In response to a question at St. Anselm College, Clinton said she did not support abolishing the death penalty, although she indicated there should be some changes.
“We have a lot of evidence now that the death penalty has been too frequently applied, and too often in a discriminatory way, so I think we have to take a hard look at it,” Clinton said at the event, according to Politico. “I do not favor abolishing it, however, because I do think there are certain egregious cases that still deserve the consideration of the death penalty, but I’d like to see those be very limited and rare, as opposed to what we’ve seen in most states.”
It’s worth noting that her husband, former President Bill Clinton, was an enthusiastic practitioner of the death penalty in Arkansas. When he was governor, he oversaw the execution of Ricky Ray, a man so mentally incapacitated that he requested they save the leftovers from his last meal so he could eat them later.

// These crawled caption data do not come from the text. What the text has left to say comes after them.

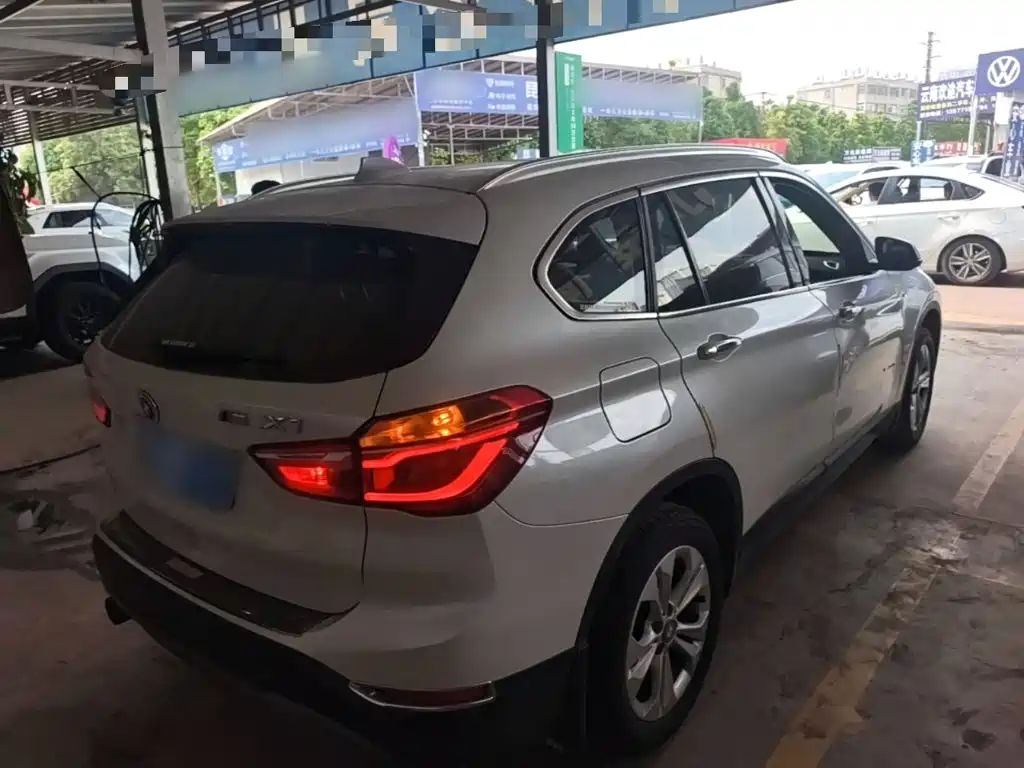 BMW X1 sDrive18 Li Premium
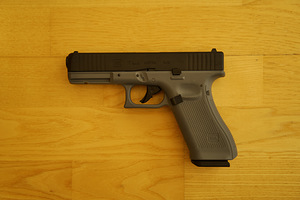 UUS UMAREX Glock 17 gen 5 Airsoft 6mm püstol CO2 Blowback (2 foto / 9)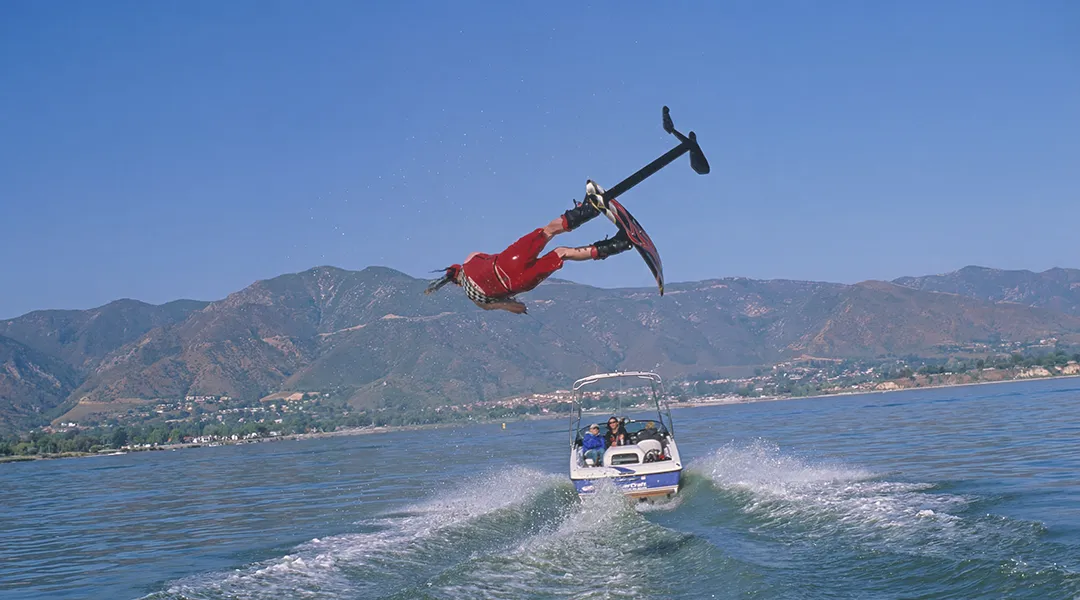 Vintage Standup Foiling Live Action Image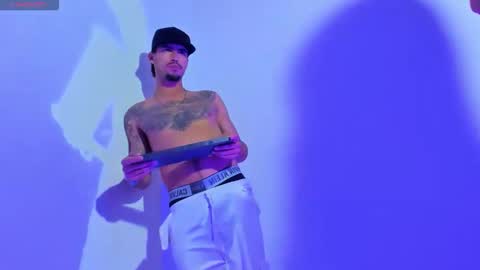  s online show from November 21, 5:17 am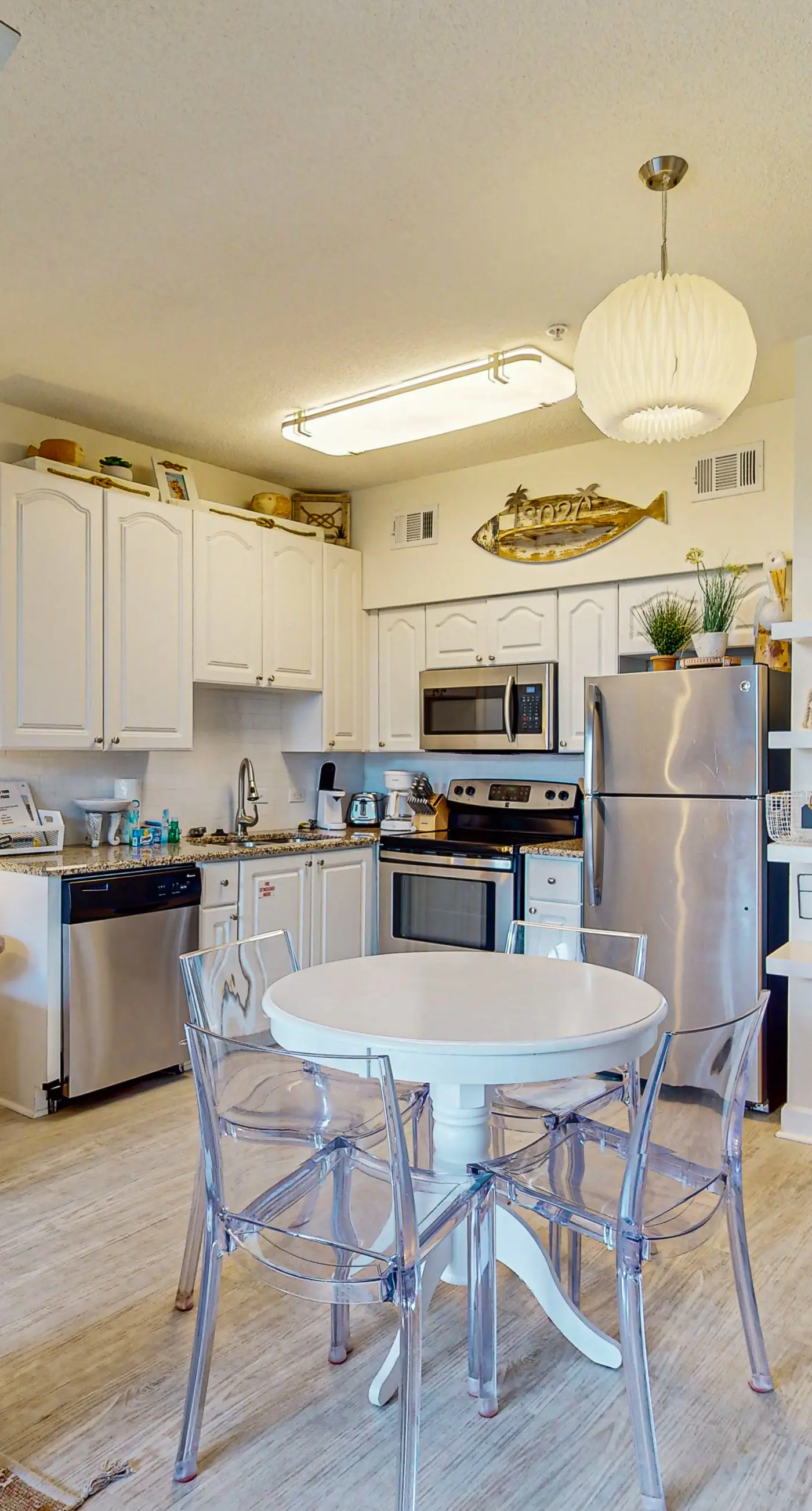 Adorable 3rd-floor cabana with gorgeous view from balcony, pool and hot tub access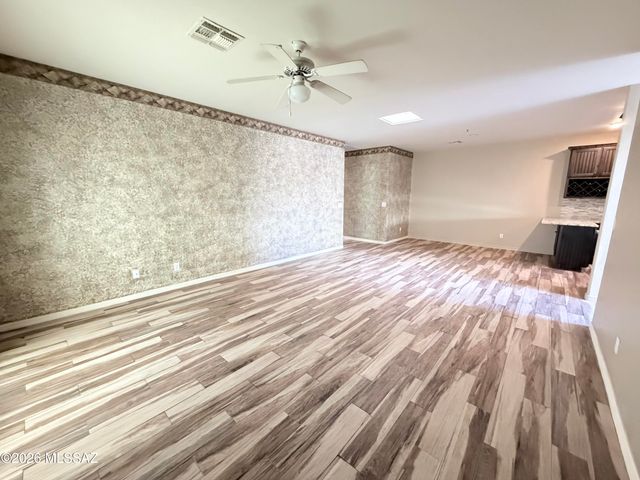 2833 S Full Moon Drive, Tucson, AZ 85713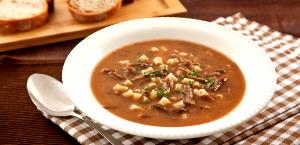 Quantas calorias em 1 Porçoes Sopa De Feijão Com Carne E Macarrão?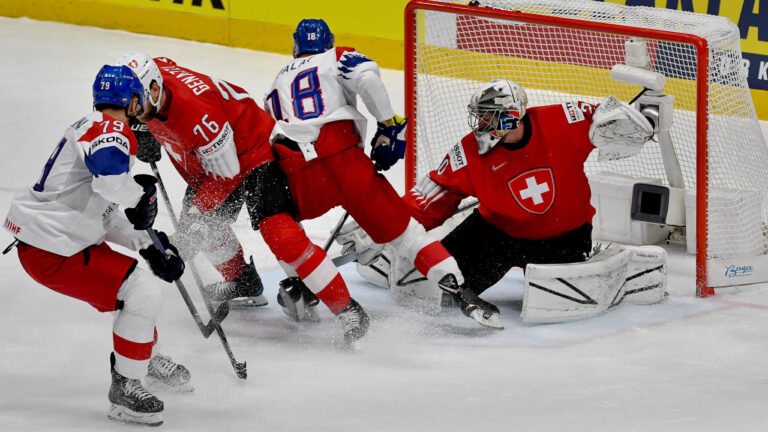 Na hokej bude moci nově chodit až 300 lidí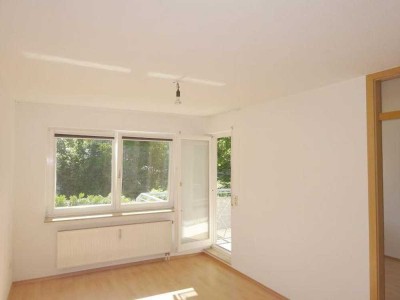 Schöne, helle 2 Zi-Whg mit Einbauküche, großem Balkon und Autostellplatz  in Reutlingen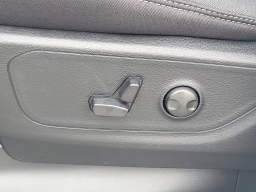 Ram 1500 Big Horn 4x2 Crew Cab 5'7" Box 2026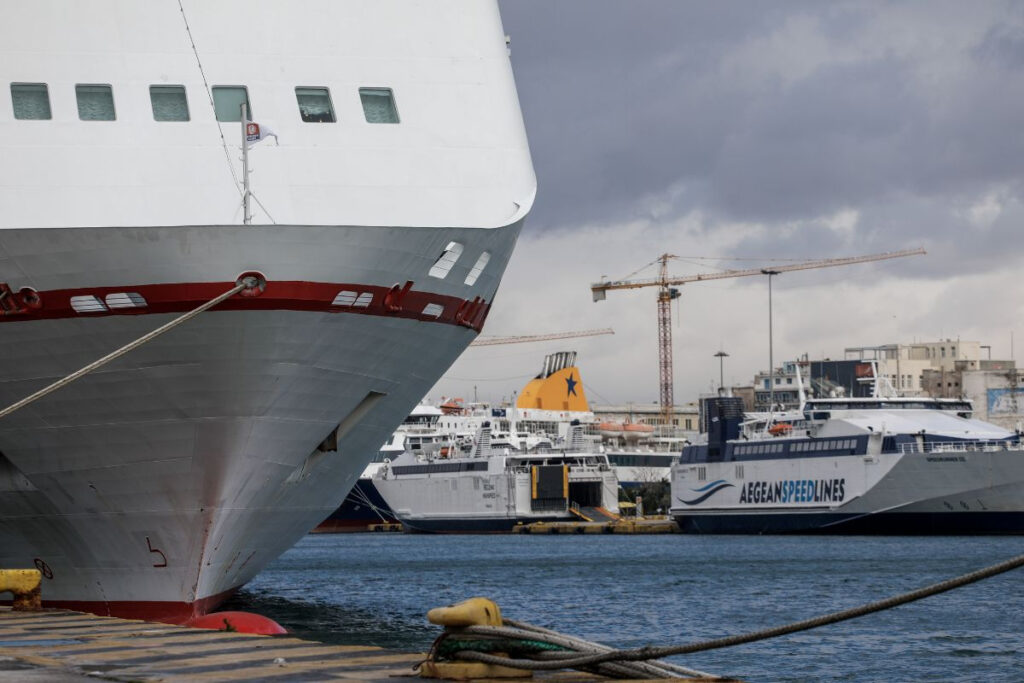 Απαγορευτικό απόπλου στο Λαύριο, ακυρώνονται δρομολόγια σε Ραφήνα-Πειραιά λόγω των ανέμων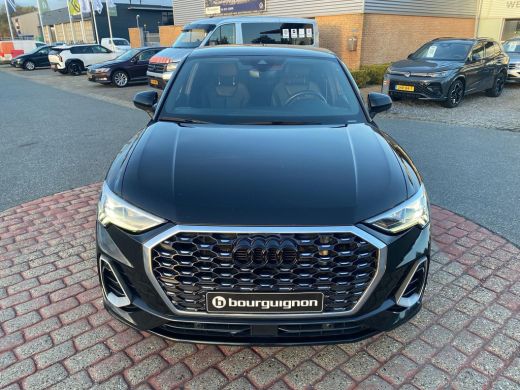 Audi Q3 45 TFSI e S Edition | Leder | Led | Camera ActivLease financial lease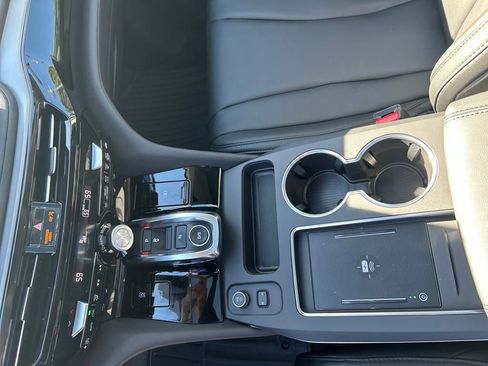 New 2026 Acura MDX SH-AWD image 15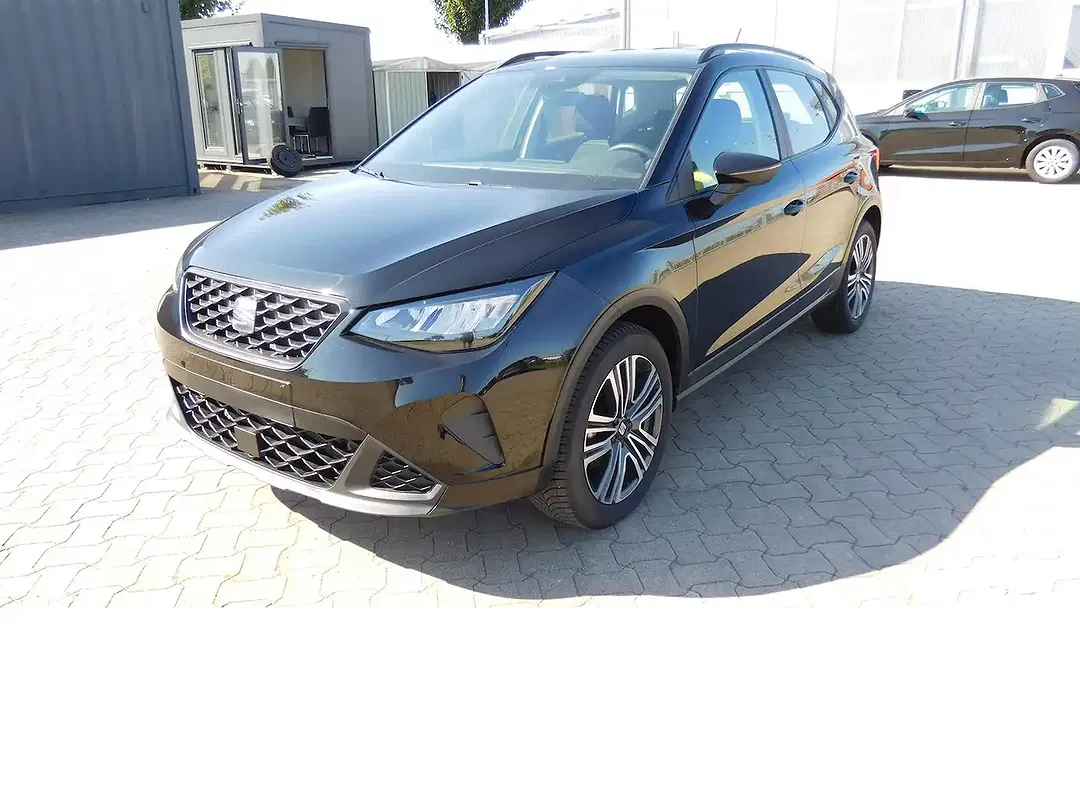 SEAT Arona - Thumbnail 3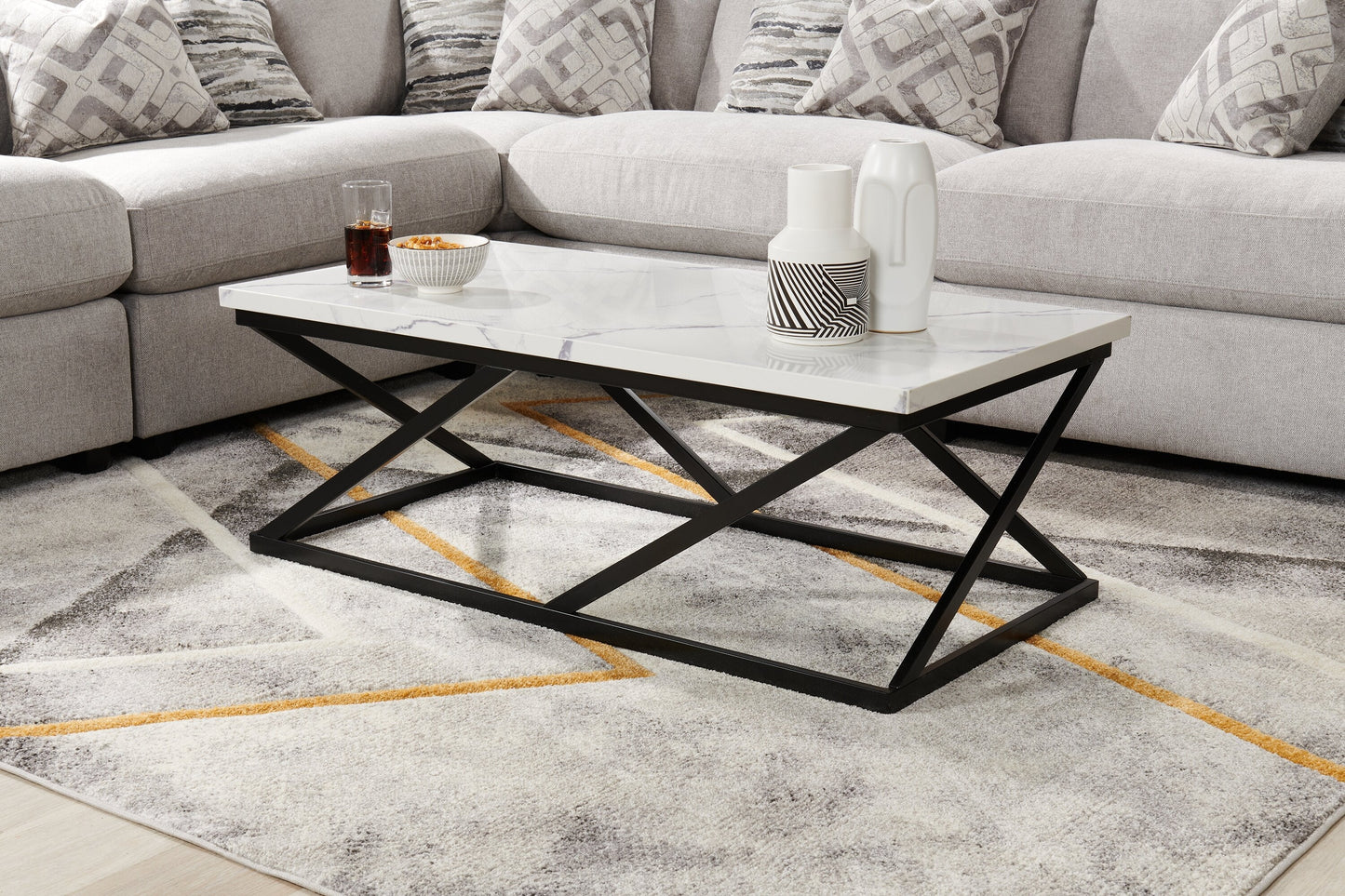 Verona 47.25" Modern Coffee Table - White Marble Look with Black Metal Base|Table à café moderne Verona de 47,25 po - imitation de marbre blanc avec base en métal noir
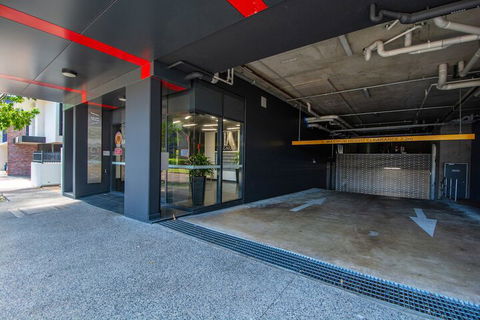 Magnum Serviced Apartments - Accommodation Australia 2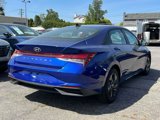 Used 2022 Hyundai Elantra SEL w/ Convenience Package image 4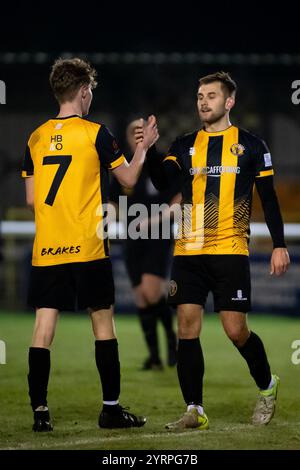 Leamington, Angleterre - 3 décembre 2024 : (nom) lors du match de Birmingham Senior Cup entre Leamington et Halesowen Town Banque D'Images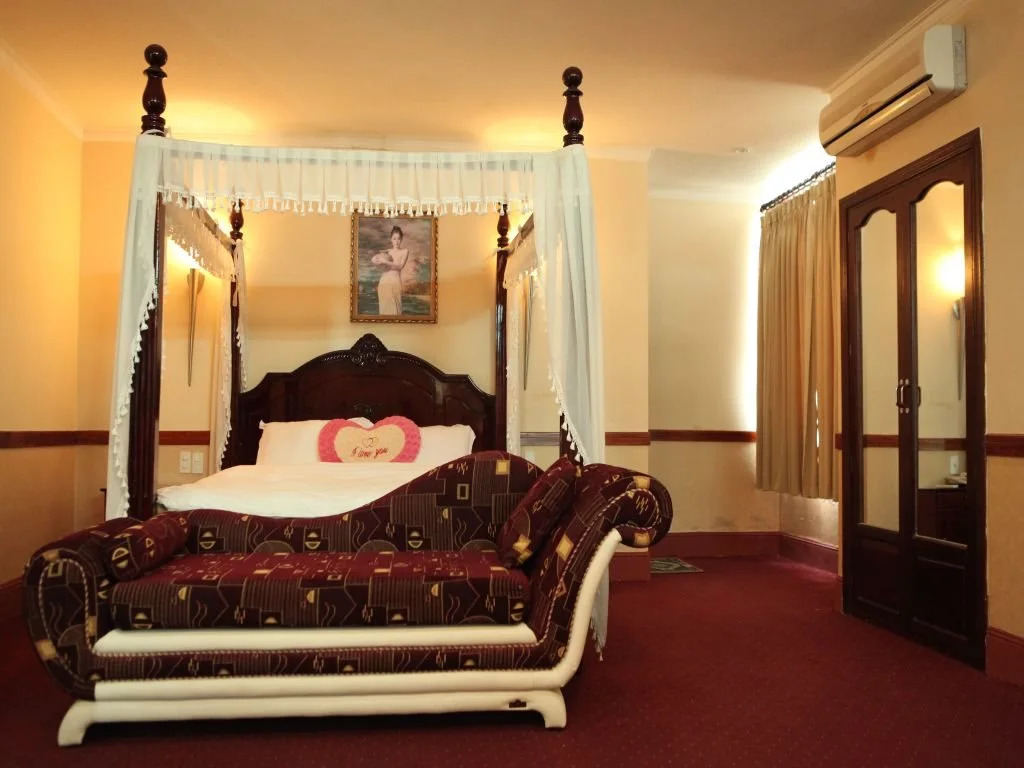 Best CM Hotel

While Hillary has not made the death penalty an issue in her campaign, it could come up in Nebraska. Her primary opponent, Bernie Sanders, has called for abolishing the death penalty.
Nebraska, a Super Tuesday state, has been embroiled in a debate over the death penalty for months. The state’s legislature voted to abolish the death penalty in May, even going so far as to override the governor’s veto. The resulting public outcry caused the decision to be suspended until voters can decide for themselves in a 2016 ballot measure.
The majority of states still have the death penalty but are having difficulty carrying it out. Just last week, federal agents stopped Arizona’s Department of Corrections from carrying a lethal injection drug into the country because it lacked FDA approval.
Various laws and international boycotts have made it nearly impossible for many states to carry out their executions. Nebraska, for example, has 10 people on death row it cannot execute. Ohio announced it will not carry out executions until 2017 because of drug shortages. And now Arizona, with 124 inmates on death row, has been stopped by the feds from getting the chemicals it needs. There are about 3,000 inmates on death row nationwide.